# Michelin Dry Rot



## camping479 (Aug 27, 2003)

I was checking the tire pressure on the DW's truck yesterday and noticed all four tires around the rims, about 3/4 of an inch wide are dry rotted. They are Michelin LTX A/S, the dates are from '05 and they only have 2700 miles on them!! The truck was an '06 leftover so it sat on the lot for a while but seems way to soon for them to be dry rotted.

I'm going to take it to a local michelin dealer and see what they have to say. If they can't do anything I guess I'll be off to the dealer.

This is a new one on me, any ideas??

Mike


----------



## Fire44 (Mar 6, 2005)

If the tires are factory from GM, take it back to the dealership. GM's 3 year/36,000 mile warranty covers the tires too.

Gary

Sorry.....I didn't see that you had a Dodge. I would start with the Dealer first.


----------



## wayne054 (Aug 4, 2007)

I've noticed similar cracking on my Michelins LTX's A/S. I have an 07 Dodge I purchased new in June, truck now has less than 4K on the truck and all four tires have cracking like you've noticed within 3/4" from the bead all around the tire. 
I'll be visiting my dealer actually tomorrow (10/10). Will keep you posted on the outcome.


----------



## camping479 (Aug 27, 2003)

Update.......

Went to two michelin dealers that are around the corner from work and both told me to start with the dealer which I will stop to see tonight. I was hoping I could get somebody close by to handle it but no go.

Mike


----------



## Rip (Jul 13, 2006)

My 2006 Dodge had the same cracks and Michelin replaced all my tires and spare!!!!! Big write up on http://www.dieseltruckresource.com/dev/sho...=michelin+tires Did not have to pay a dime!!


----------



## camping479 (Aug 27, 2003)

Another update.........

Went to the dodge dealer last night and they told me to go to a large tire dealer down the street which by then was closed. Being slightly annoyed at being bounced around between 2 tire stores and the dodge dealer I called Michelin. They documented my case and told me to go to any dealer nearby, tell them to call Michelin and they would take care of it. I just got back from sears, they were very nice and happy to help out, the process took some time and several calls but new tires are on their way from the warehouse.

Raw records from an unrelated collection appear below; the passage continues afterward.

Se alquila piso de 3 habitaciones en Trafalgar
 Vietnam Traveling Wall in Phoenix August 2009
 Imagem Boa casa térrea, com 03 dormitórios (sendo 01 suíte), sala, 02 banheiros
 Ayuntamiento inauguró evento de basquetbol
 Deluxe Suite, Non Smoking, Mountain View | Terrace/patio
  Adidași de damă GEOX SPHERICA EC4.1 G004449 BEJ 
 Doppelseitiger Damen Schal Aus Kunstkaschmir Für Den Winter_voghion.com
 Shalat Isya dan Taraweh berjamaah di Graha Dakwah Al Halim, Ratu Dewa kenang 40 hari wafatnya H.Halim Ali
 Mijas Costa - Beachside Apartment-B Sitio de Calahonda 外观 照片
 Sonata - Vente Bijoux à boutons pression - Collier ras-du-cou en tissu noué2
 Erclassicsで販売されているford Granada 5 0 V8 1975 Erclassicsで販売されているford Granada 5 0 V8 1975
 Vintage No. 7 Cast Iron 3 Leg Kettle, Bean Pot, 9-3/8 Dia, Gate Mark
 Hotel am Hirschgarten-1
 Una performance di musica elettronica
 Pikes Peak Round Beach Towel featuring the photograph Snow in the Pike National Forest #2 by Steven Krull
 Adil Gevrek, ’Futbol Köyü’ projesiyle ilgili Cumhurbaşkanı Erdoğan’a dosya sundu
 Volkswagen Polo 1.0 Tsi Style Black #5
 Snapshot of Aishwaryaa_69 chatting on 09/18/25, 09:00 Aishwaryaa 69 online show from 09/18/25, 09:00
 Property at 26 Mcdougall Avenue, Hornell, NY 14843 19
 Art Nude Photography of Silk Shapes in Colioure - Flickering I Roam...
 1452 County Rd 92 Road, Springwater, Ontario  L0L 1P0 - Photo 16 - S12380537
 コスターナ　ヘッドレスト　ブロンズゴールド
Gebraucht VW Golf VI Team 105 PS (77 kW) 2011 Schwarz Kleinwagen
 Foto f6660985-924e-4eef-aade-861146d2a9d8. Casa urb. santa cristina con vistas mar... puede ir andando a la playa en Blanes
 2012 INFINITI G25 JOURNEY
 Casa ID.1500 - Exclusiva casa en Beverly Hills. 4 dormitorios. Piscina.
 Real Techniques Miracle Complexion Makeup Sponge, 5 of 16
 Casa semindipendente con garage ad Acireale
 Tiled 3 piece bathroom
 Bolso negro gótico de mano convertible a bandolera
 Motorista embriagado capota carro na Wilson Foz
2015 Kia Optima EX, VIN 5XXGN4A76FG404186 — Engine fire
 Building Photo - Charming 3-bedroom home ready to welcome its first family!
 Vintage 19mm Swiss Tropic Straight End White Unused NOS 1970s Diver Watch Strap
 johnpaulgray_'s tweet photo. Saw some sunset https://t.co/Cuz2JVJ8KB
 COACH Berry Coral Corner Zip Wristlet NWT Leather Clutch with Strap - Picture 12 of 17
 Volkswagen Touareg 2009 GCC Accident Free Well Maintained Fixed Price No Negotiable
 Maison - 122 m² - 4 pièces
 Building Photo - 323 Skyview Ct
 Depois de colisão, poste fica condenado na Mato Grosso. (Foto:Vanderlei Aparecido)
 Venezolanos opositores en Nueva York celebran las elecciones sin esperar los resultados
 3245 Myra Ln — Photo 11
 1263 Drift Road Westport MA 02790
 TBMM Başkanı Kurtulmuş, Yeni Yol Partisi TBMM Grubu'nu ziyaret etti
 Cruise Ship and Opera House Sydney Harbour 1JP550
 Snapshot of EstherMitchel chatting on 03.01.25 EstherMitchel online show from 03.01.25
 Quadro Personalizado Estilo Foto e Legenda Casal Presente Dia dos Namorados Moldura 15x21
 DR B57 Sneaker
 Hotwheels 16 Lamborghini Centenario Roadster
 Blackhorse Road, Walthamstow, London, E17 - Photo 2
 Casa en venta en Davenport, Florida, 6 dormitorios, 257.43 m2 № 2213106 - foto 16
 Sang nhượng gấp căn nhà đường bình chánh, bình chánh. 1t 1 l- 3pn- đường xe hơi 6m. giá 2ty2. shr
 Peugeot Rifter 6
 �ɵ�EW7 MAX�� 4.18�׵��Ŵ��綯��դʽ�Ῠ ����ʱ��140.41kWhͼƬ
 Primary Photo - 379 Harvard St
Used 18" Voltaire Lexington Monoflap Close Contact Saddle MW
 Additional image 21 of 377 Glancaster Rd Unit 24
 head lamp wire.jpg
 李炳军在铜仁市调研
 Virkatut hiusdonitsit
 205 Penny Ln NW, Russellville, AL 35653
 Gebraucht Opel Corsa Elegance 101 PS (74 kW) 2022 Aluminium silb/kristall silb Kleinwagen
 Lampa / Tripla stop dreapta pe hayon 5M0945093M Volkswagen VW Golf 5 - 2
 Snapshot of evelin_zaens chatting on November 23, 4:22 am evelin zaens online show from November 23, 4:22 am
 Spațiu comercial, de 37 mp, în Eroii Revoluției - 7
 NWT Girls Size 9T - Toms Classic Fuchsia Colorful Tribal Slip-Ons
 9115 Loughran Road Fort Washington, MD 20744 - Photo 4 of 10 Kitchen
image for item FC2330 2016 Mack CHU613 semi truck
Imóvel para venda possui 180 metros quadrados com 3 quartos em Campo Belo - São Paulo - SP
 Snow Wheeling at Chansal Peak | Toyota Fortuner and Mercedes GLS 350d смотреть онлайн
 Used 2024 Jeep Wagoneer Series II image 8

Michelin says the cause of the cracks around the rim was the truck sitting on the dealers lot for almost a year without being used. Their explanation was car tires need to be driven so they heat up and flex which releases the oils in the rubber to keep it from cracking. I've read that before about trailer tires, they crack before they wear out because they don't get used enough to keep them flexible.

Mike


----------



## tdvffjohn (Mar 10, 2005)

Glad you have it sorted out. New Michelins is not a bad ending to the trouble. It does get annoying getting sent all over tho.

John


----------



## wayne054 (Aug 4, 2007)

camping479 said:


> Another update.........
> 
> Went to the dodge dealer last night and they told me to go to a large tire dealer down the street which by then was closed. Being slightly annoyed at being bounced around between 2 tire stores and the dodge dealer I called Michelin. They documented my case and told me to go to any dealer nearby, tell them to call Michelin and they would take care of it. I just got back from sears, they were very nice and happy to help out, the process took some time and several calls but new tires are on their way from the warehouse.
> 
> ...


Hey Mike, my ending is pretty much similiar to your's....it finally took a call to Michelin and they directed me to a nearby Discount Tire store. Long story short, my new tires are on the way. Only out of pocket expense is Mounting and Road Hazard which is peanuts compared to the price of a set of new Michelins.


----------